- Data entries -
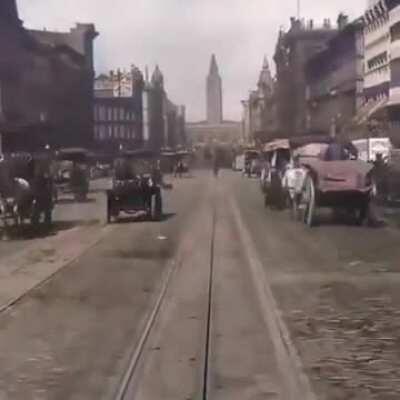 This hundred year old footage of a street car moving through a crowded city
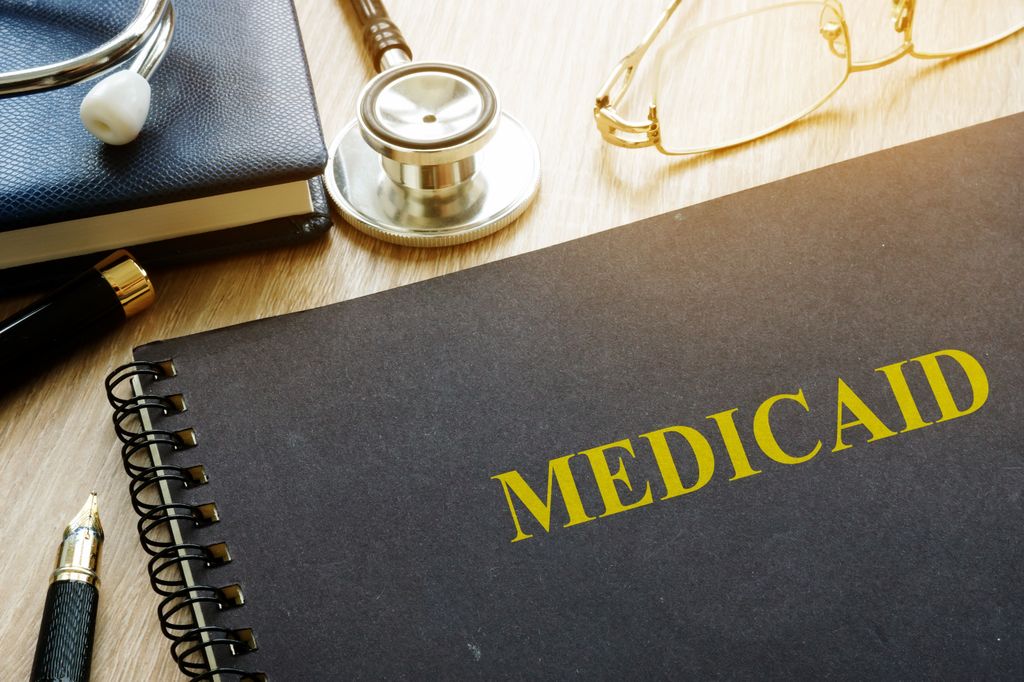 book with MEdicaid written across front, stethoscope and pencil lying nearby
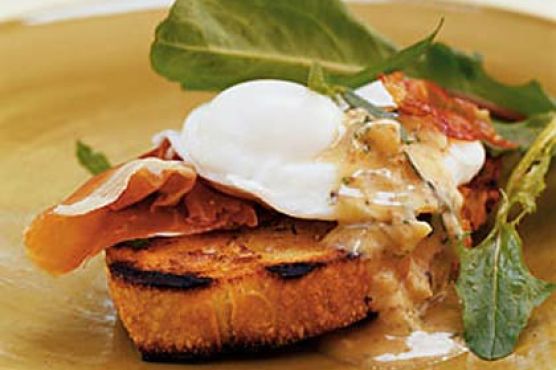 Breakfast Bruschetta with Prosciutto, Poached Eggs, and Warm Mustard Vinaigrette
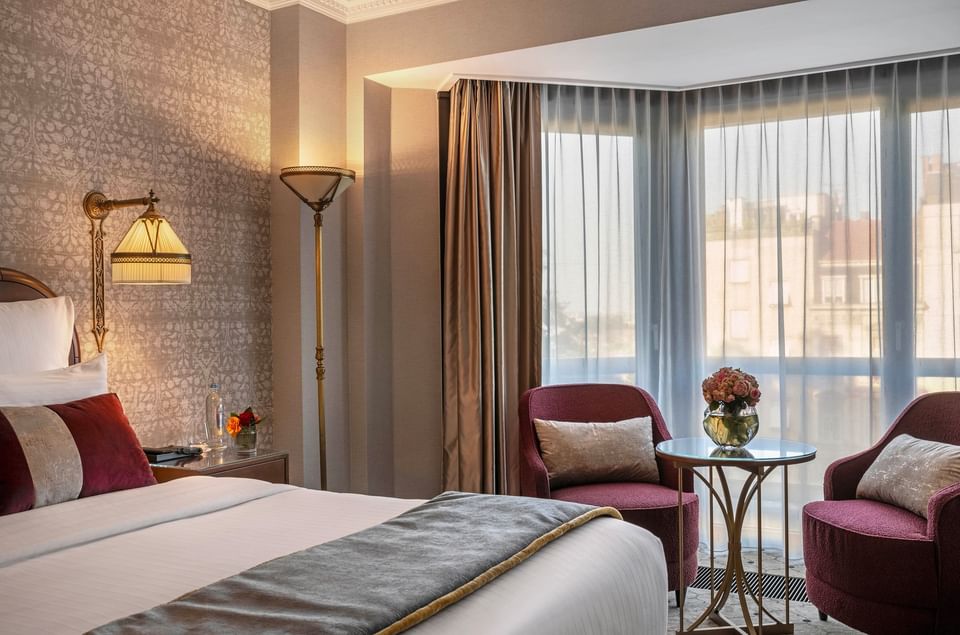 Red armchairs surrounding a glass table with flower vase and beside bed in Deluxe Room at Hotel Barsey by Warwick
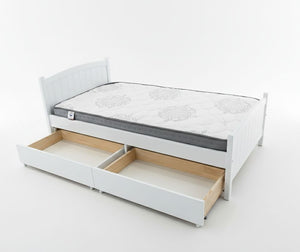 White bed frame with a mattress and wooden drawers on a white background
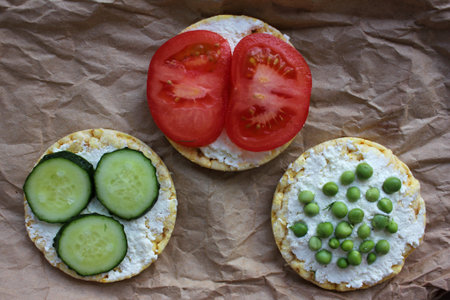 Round crispy corn sandwiches with vegetables toppings. Puffed corn cakes with cream cheese,...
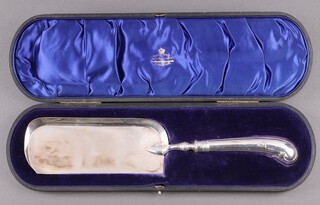 A cased silver crumb scoop with pistol grip handle and armorial decoration, Sheffield 1909 by Harrison Brothers, gross weight including handle, possibly weighted, 251g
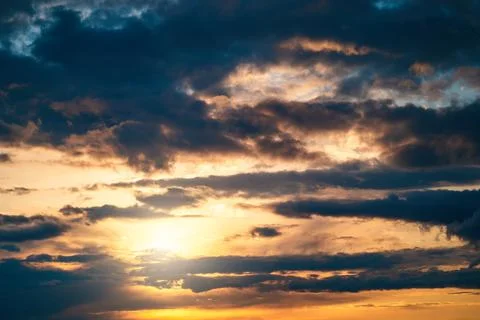 Dramatic sunset cloudy sky with blue clouds as abstract beautiful cloudscape Photos
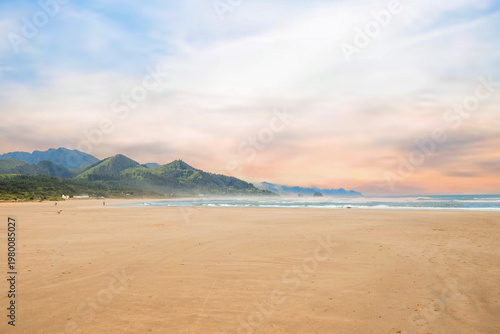 Visitors enjoying a sunny day at Cannon Beach, Oregon.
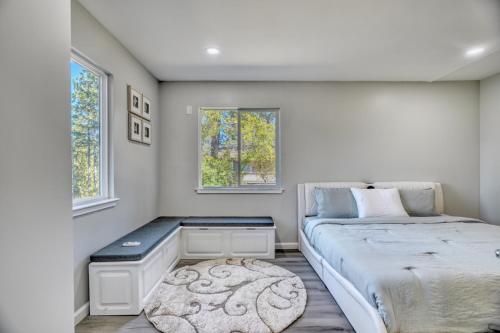 a bedroom with a bed and two windows at Modern Luxury Sierra Lodge | 3BR, 3BA | Hotel Vibe in Groveland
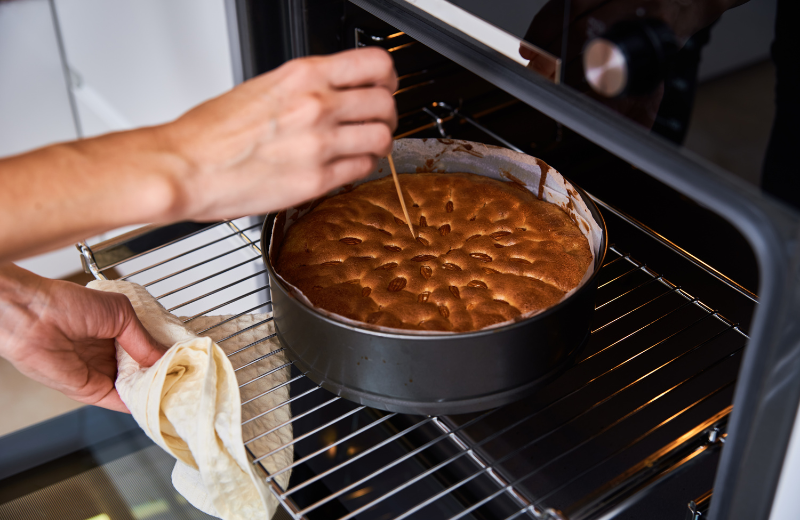 person checking cake is baked from oven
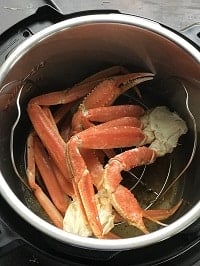snow crab legs inside instant pot on the metal trivet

- REQUIRED WORK -
Could you restate every record above word for word, leaving the pictures out?

- TASK SOLUTION -
 This hundred year old footage of a street car moving through a crowded city
 book with MEdicaid written across front, stethoscope and pencil lying nearby
 Breakfast Bruschetta with Prosciutto, Poached Eggs, and Warm Mustard Vinaigrette
 Red armchairs surrounding a glass table with flower vase and beside bed in Deluxe Room at Hotel Barsey by Warwick
 White bed frame with a mattress and wooden drawers on a white background
 Round crispy corn sandwiches with vegetables toppings. Puffed corn cakes with cream cheese,...
 A cased silver crumb scoop with pistol grip handle and armorial decoration, Sheffield 1909 by Harrison Brothers, gross weight including handle, possibly weighted, 251g
 Dramatic sunset cloudy sky with blue clouds as abstract beautiful cloudscape Photos
 Visitors enjoying a sunny day at Cannon Beach, Oregon.
 a bedroom with a bed and two windows at Modern Luxury Sierra Lodge | 3BR, 3BA | Hotel Vibe in Groveland
 person checking cake is baked from oven
snow crab legs inside instant pot on the metal trivet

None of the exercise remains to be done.